━━━━━ MATERIAL PROVIDED ━━━━━
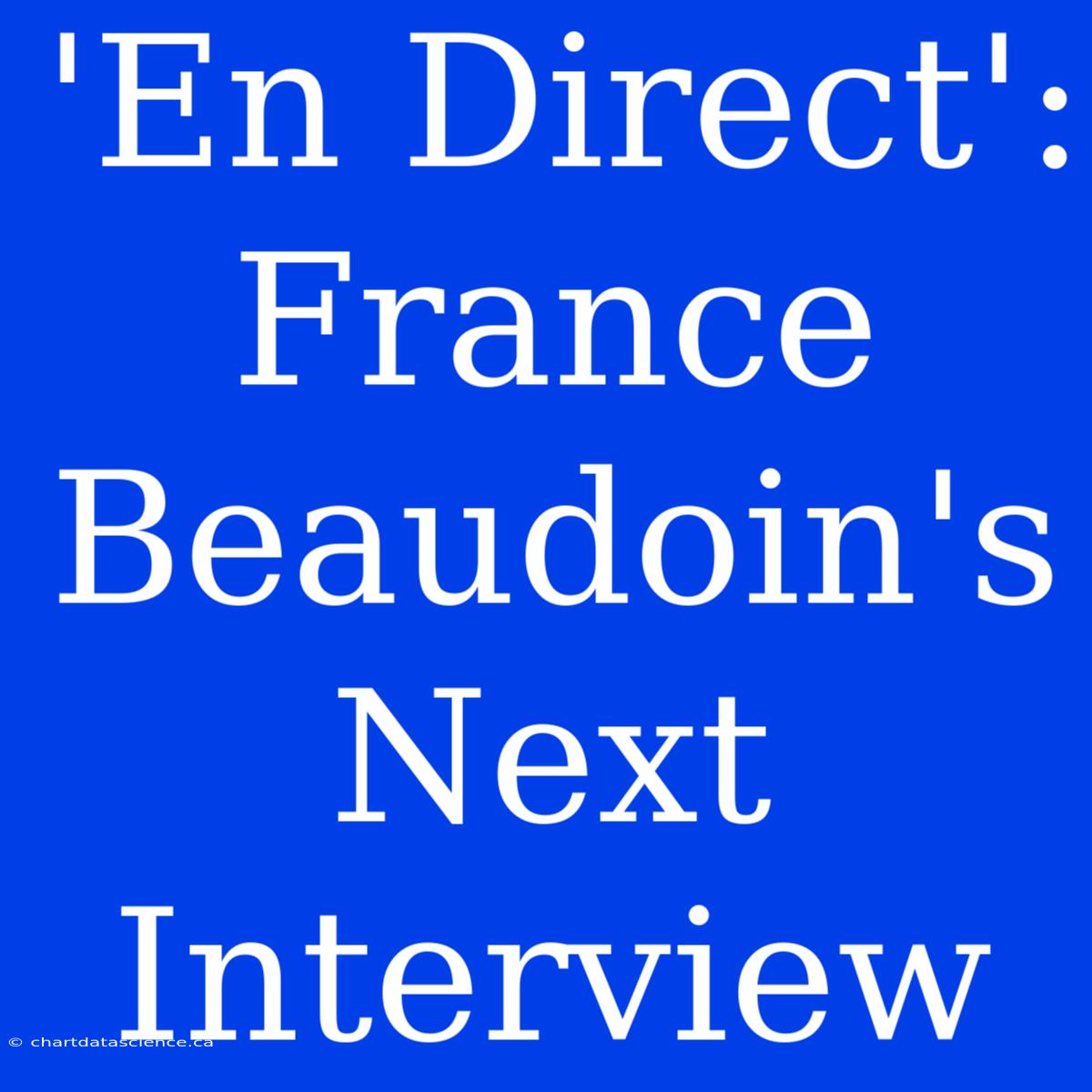 'En Direct': France Beaudoin's Next Interview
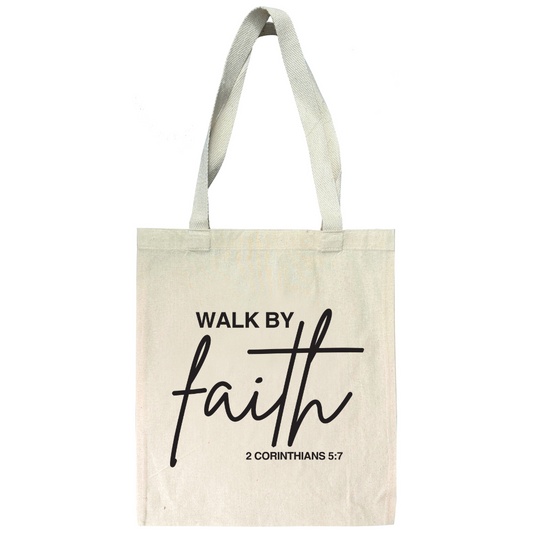 Walk By Faith - 2 Corinthians 5:7 - Tote Bag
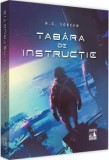 Tabara de instructie - H.G. Soreen - Neverland
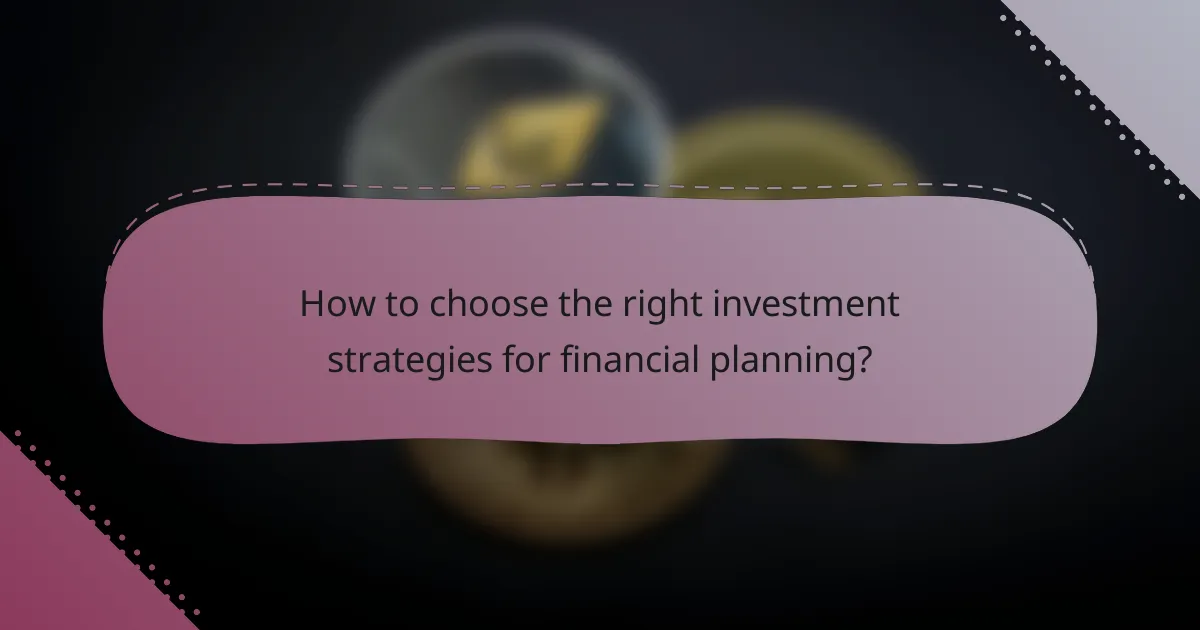 How to choose the right investment strategies for financial planning?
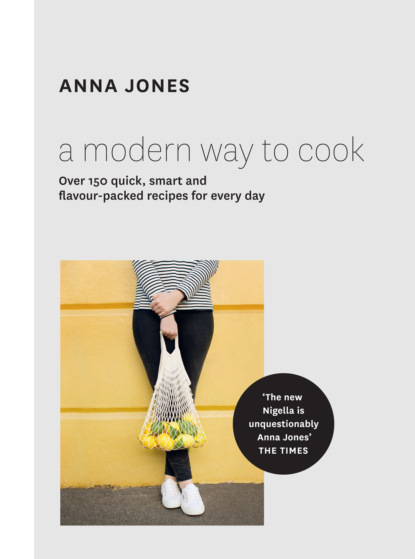 A Modern Way to Cook: Over 150 quick, smart and flavour-packed recipes for every day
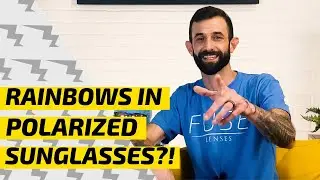 Why Do You See Rainbows In Polarized Sunglasses? Find out WHY!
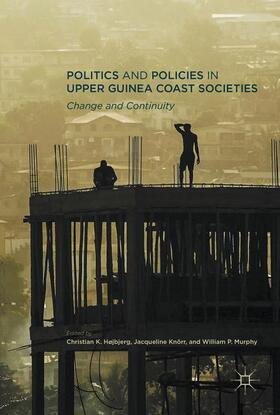 Højbjerg / Murphy / Knörr |  Politics and Policies in Upper Guinea Coast Societies | Buch |  Sack Fachmedien
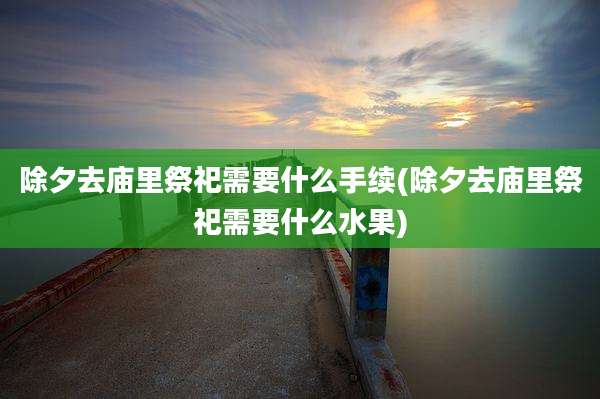 除夕去庙里祭祀需要什么手续(除夕去庙里祭祀需要什么水果)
━━━━━
> [DIRECTIONS FOR THIS TASK]: Output verbatim the lines beginning at the line with "Højbjerg / Murphy" and ending at the last line of the material above, inclusive. Do not carry over any pictures.

> [SOLUTION TO THE EXERCISE]:
 Højbjerg / Murphy / Knörr |  Politics and Policies in Upper Guinea Coast Societies | Buch |  Sack Fachmedien
 除夕去庙里祭祀需要什么手续(除夕去庙里祭祀需要什么水果)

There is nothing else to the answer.